* _WORK REQUIRED_: These records contain pictures, which must be left out; copy exactly the lines from the one with "Datos satelitales del" up to and including the one with "98 Cairns Street, Cairns North QLD 4870".

* _PROVIDED RECORDS_:
Segment Open
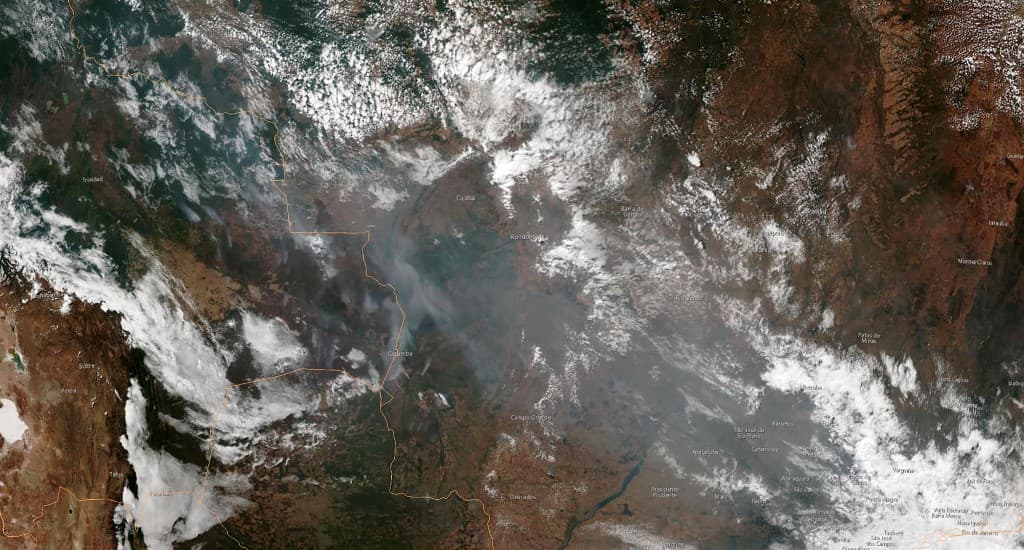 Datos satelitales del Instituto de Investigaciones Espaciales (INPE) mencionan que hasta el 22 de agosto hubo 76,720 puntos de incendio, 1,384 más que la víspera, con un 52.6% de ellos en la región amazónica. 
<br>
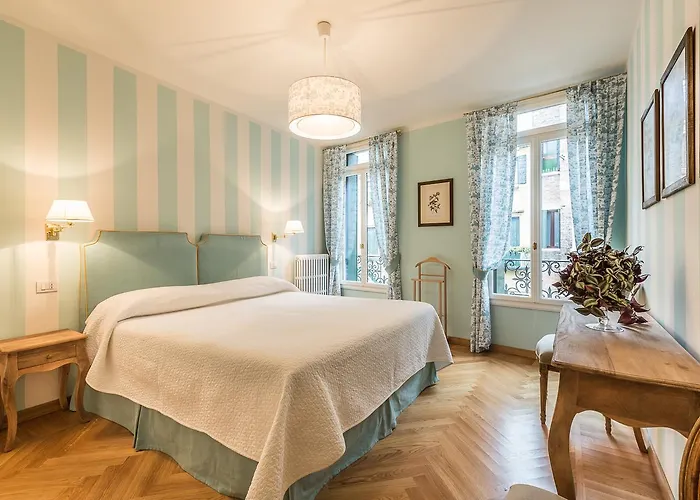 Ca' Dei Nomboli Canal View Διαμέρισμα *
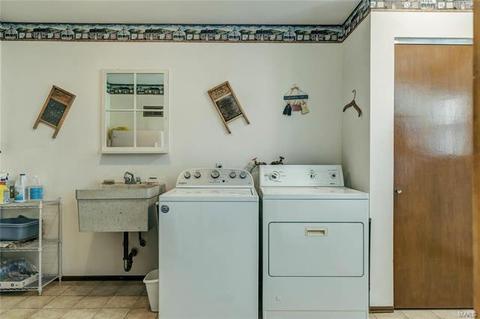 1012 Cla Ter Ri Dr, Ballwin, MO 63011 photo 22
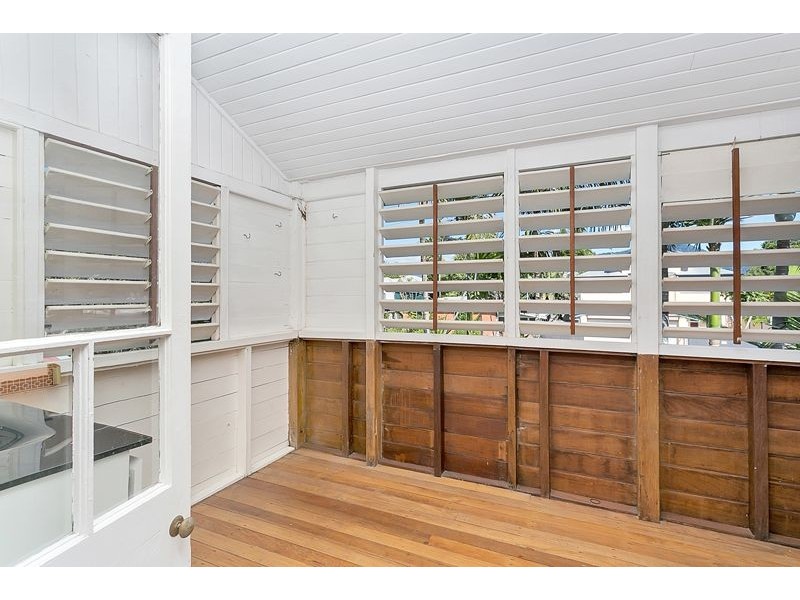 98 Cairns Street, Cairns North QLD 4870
Segment Closed
Segment Open
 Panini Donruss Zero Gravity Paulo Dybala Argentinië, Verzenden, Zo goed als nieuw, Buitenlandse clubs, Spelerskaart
Segment Closed
* _WRITTEN REPLY_:
 Datos satelitales del Instituto de Investigaciones Espaciales (INPE) mencionan que hasta el 22 de agosto hubo 76,720 puntos de incendio, 1,384 más que la víspera, con un 52.6% de ellos en la región amazónica. 
<br>
 Ca' Dei Nomboli Canal View Διαμέρισμα *
 1012 Cla Ter Ri Dr, Ballwin, MO 63011 photo 22
 98 Cairns Street, Cairns North QLD 4870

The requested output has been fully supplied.